• **WHAT IS REQUIRED**: Find the line with "S, Faux fur, color - Pink" in the entries below, then output every line from it down to the line with "Colar personalizado com", exactly and with no pictures.

• **DATASET CONTENT**:
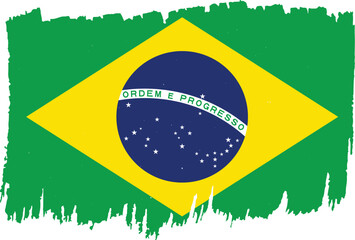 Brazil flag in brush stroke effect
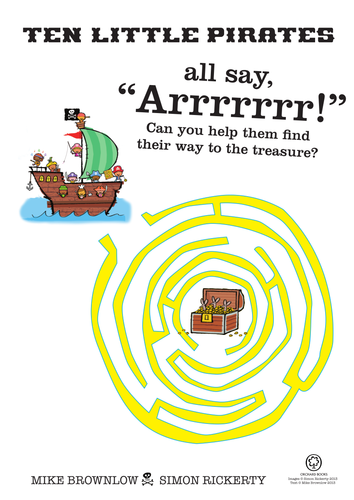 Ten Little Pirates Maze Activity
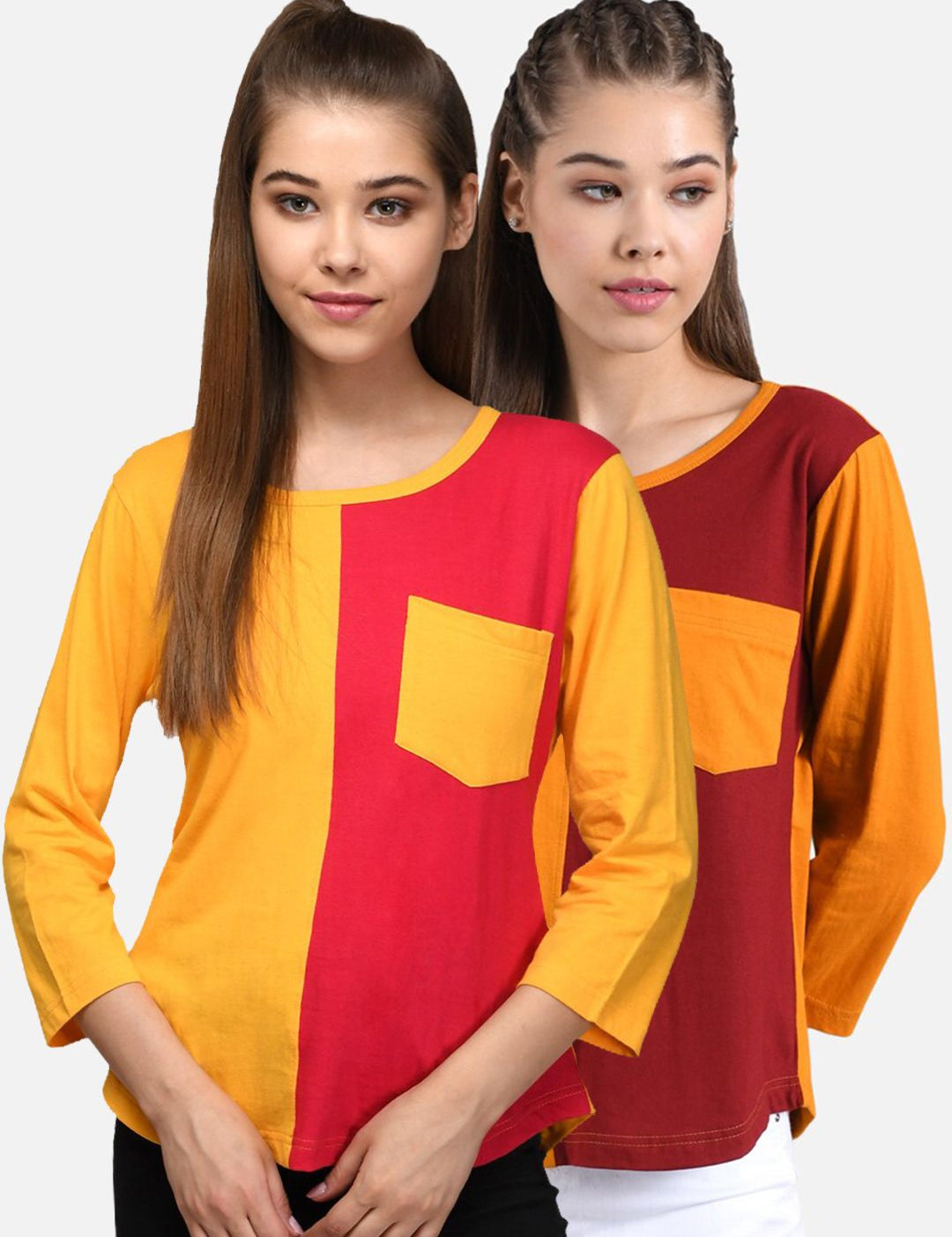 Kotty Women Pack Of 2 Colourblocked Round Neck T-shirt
==
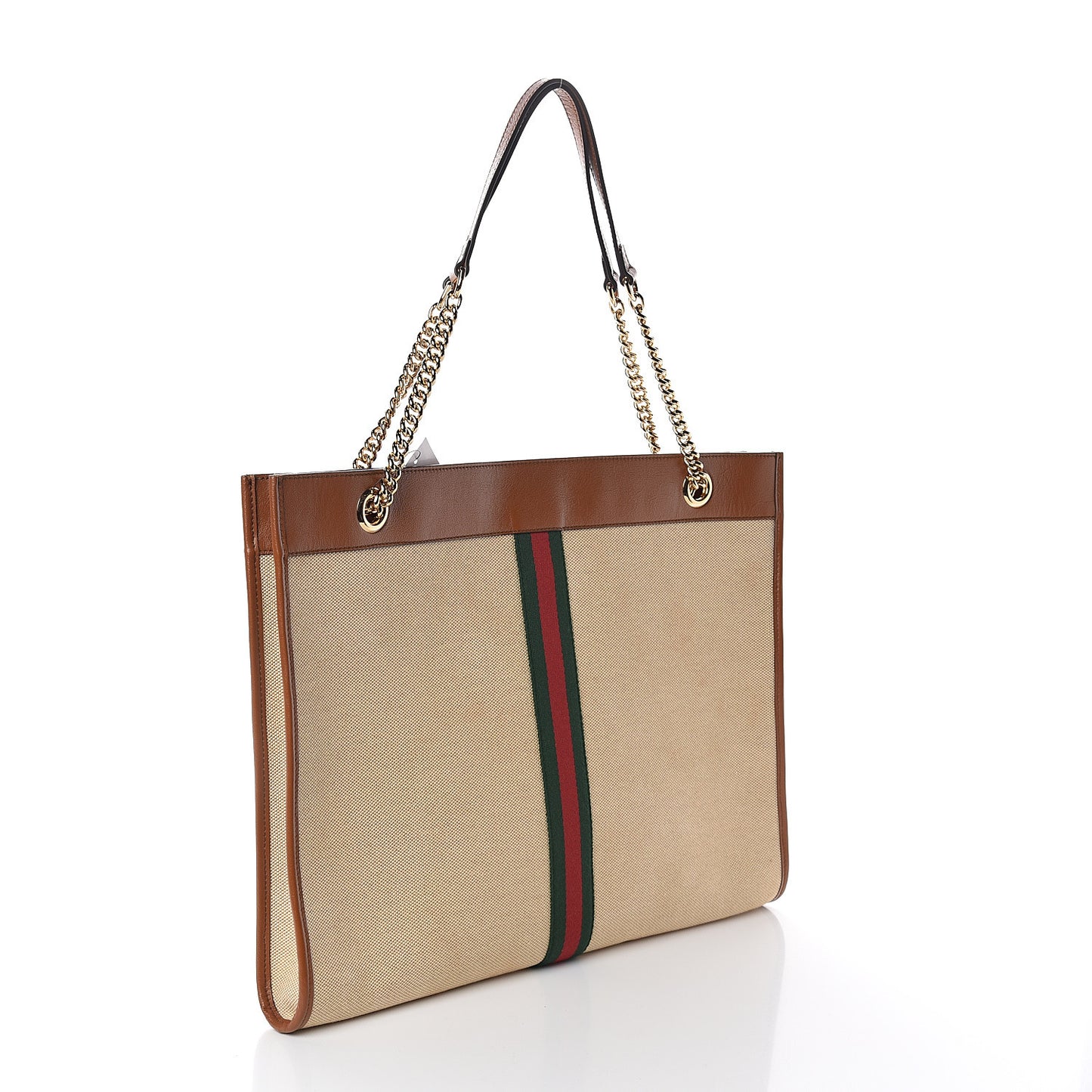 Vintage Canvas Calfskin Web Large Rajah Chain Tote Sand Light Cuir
* * *
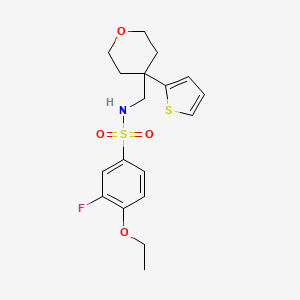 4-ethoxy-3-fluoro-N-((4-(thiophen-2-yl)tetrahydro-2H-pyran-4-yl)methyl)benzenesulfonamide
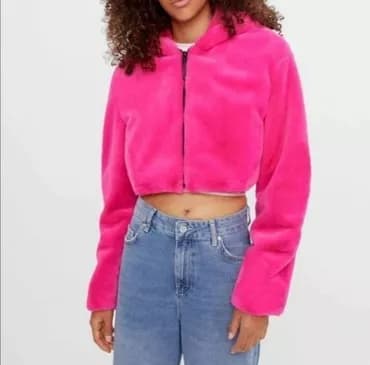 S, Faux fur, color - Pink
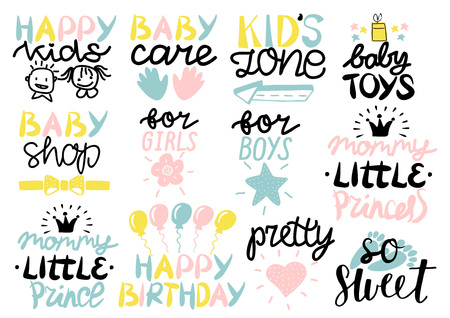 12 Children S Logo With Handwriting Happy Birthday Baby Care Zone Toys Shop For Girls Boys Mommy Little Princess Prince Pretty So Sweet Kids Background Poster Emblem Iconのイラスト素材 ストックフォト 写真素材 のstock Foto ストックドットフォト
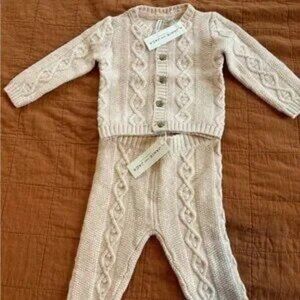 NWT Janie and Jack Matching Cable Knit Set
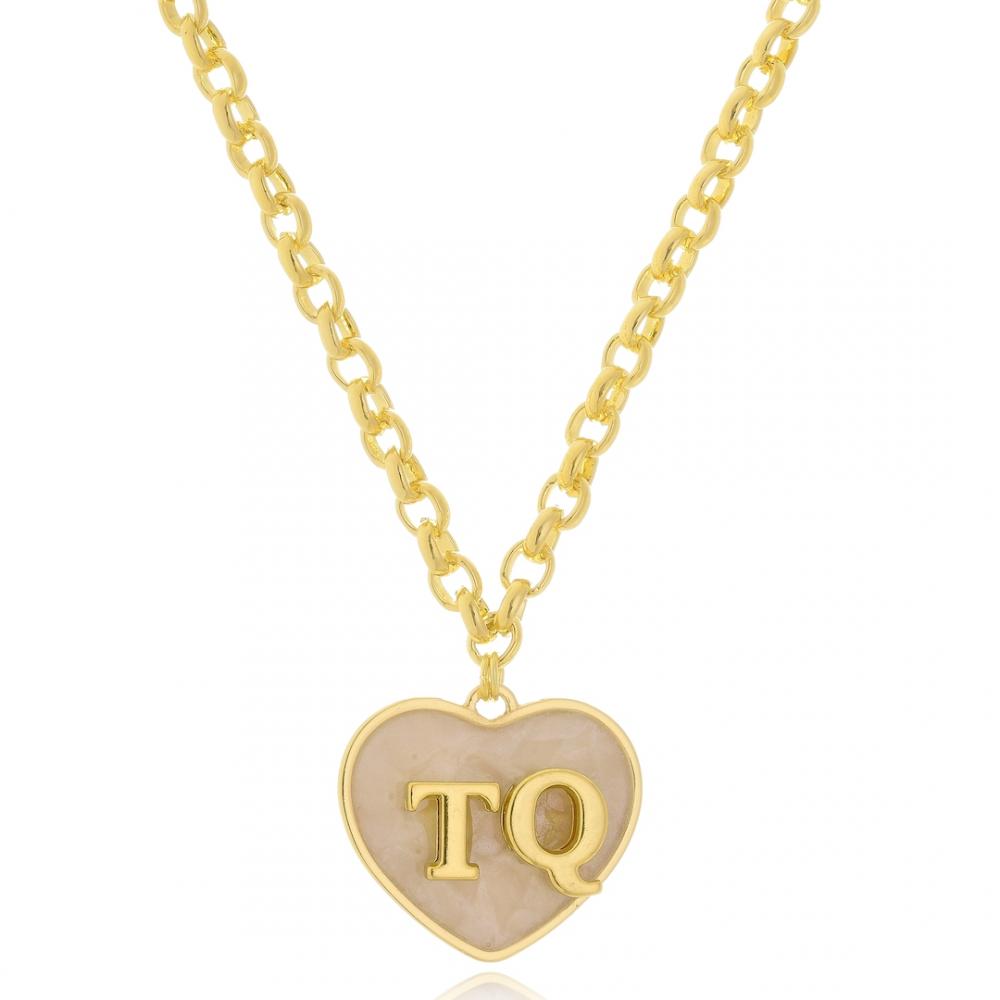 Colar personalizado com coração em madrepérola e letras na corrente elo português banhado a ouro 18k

• **TASK ANSWER**:
 S, Faux fur, color - Pink
 12 Children S Logo With Handwriting Happy Birthday Baby Care Zone Toys Shop For Girls Boys Mommy Little Princess Prince Pretty So Sweet Kids Background Poster Emblem Iconのイラスト素材 ストックフォト 写真素材 のstock Foto ストックドットフォト
 NWT Janie and Jack Matching Cable Knit Set
 Colar personalizado com coração em madrepérola e letras na corrente elo português banhado a ouro 18k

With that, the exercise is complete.